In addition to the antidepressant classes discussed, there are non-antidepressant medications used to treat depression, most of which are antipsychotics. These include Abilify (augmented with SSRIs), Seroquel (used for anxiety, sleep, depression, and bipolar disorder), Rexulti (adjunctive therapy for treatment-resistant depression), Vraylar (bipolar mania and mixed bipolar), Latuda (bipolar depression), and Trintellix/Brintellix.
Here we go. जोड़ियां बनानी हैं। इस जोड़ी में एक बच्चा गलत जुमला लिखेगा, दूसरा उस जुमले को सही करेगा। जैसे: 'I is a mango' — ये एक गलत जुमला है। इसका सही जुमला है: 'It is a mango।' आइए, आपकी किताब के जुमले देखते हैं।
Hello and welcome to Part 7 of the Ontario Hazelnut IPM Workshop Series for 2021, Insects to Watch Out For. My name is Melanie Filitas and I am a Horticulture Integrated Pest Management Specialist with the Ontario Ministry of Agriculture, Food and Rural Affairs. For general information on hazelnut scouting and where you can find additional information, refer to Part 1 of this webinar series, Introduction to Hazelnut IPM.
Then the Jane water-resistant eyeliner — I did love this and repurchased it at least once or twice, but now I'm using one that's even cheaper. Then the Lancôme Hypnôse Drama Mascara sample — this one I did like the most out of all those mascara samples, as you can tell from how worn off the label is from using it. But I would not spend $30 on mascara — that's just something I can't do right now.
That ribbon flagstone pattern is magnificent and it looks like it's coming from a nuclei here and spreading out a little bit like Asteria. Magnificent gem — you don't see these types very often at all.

■ ■ ■ ■

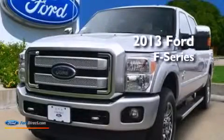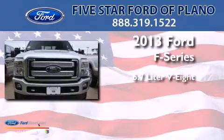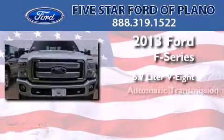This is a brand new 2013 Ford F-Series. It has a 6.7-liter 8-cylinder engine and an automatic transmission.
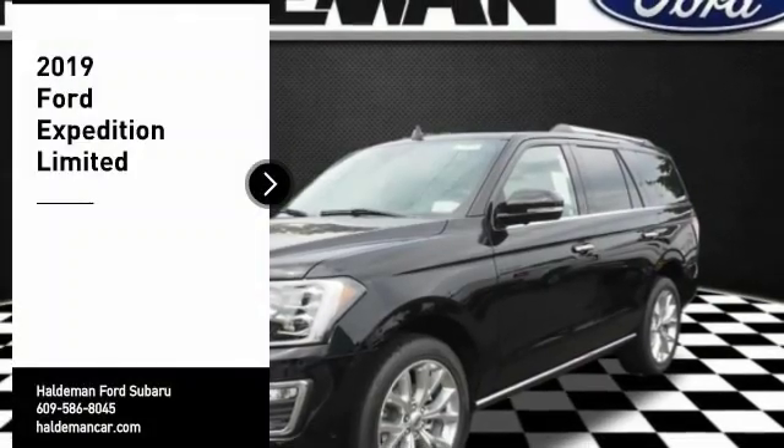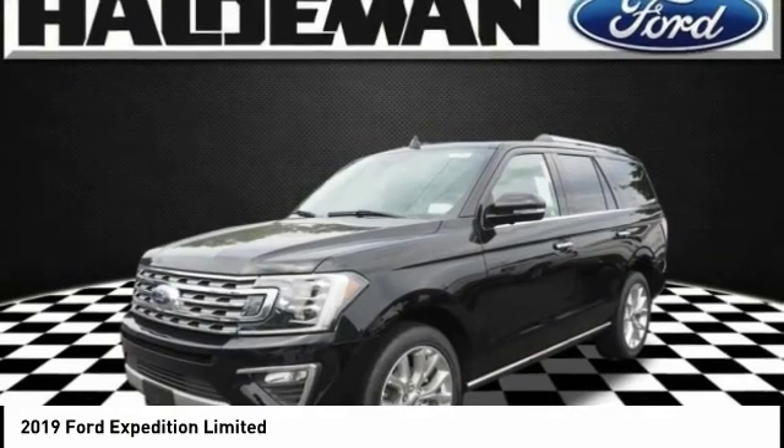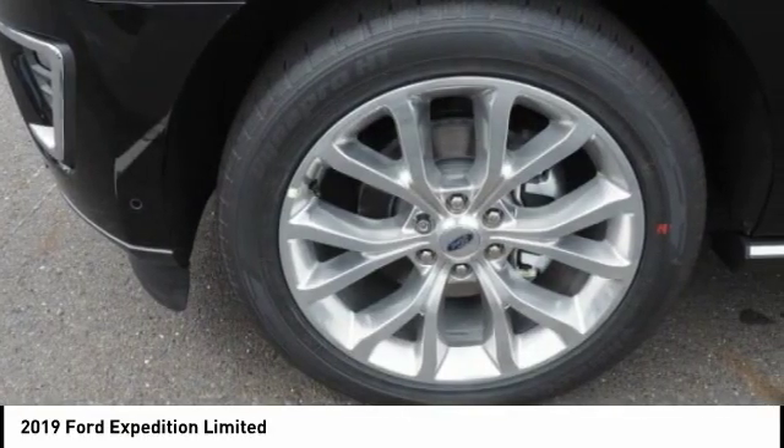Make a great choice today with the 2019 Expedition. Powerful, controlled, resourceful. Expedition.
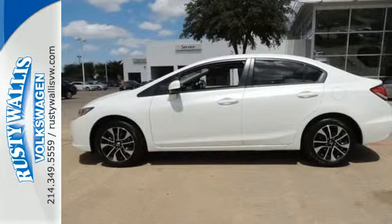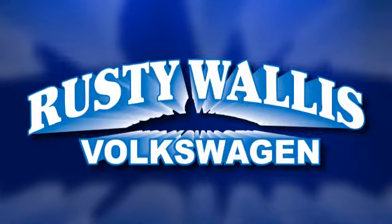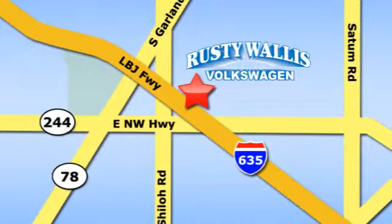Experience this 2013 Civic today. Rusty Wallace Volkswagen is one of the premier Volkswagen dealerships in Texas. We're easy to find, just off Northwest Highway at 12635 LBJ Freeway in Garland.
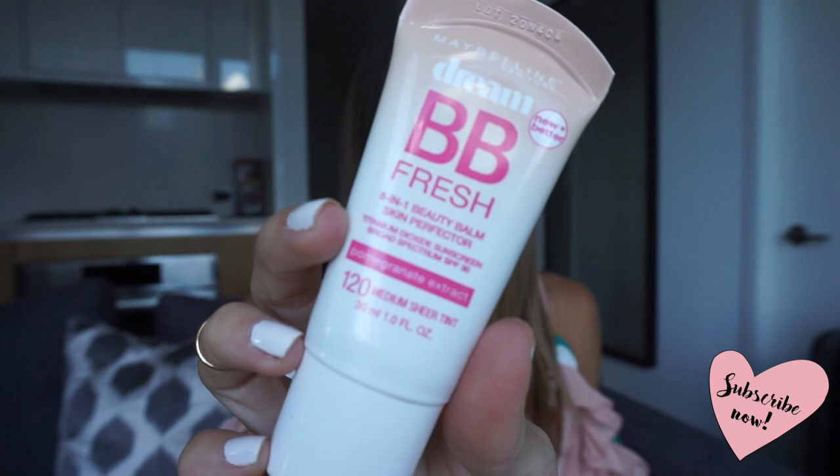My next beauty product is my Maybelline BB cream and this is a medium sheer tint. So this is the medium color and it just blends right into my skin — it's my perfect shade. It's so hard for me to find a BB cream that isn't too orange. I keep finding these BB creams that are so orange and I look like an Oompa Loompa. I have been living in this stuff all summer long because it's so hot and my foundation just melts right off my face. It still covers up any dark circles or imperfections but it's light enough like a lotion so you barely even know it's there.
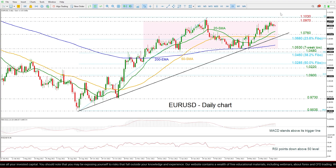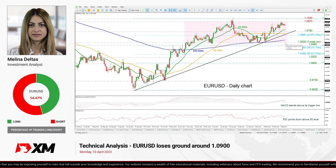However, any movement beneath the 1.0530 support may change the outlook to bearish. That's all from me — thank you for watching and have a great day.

■ ■ ■ ■

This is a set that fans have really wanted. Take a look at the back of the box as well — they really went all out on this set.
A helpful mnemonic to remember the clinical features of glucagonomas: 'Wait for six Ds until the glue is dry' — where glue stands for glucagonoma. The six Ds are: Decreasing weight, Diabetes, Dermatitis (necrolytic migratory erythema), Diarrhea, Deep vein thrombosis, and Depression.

■ ■ ■ ■

TASK TO CARRY OUT: Within the data above, repeat exactly the lines from the one bearing "This is a brand" through the one bearing "Experience this 2013". Include no pictures and nothing else.

WRITTEN REPLY:
This is a brand new 2013 Ford F-Series. It has a 6.7-liter 8-cylinder engine and an automatic transmission.
Make a great choice today with the 2019 Expedition. Powerful, controlled, resourceful. Expedition.
Experience this 2013 Civic today. Rusty Wallace Volkswagen is one of the premier Volkswagen dealerships in Texas. We're easy to find, just off Northwest Highway at 12635 LBJ Freeway in Garland.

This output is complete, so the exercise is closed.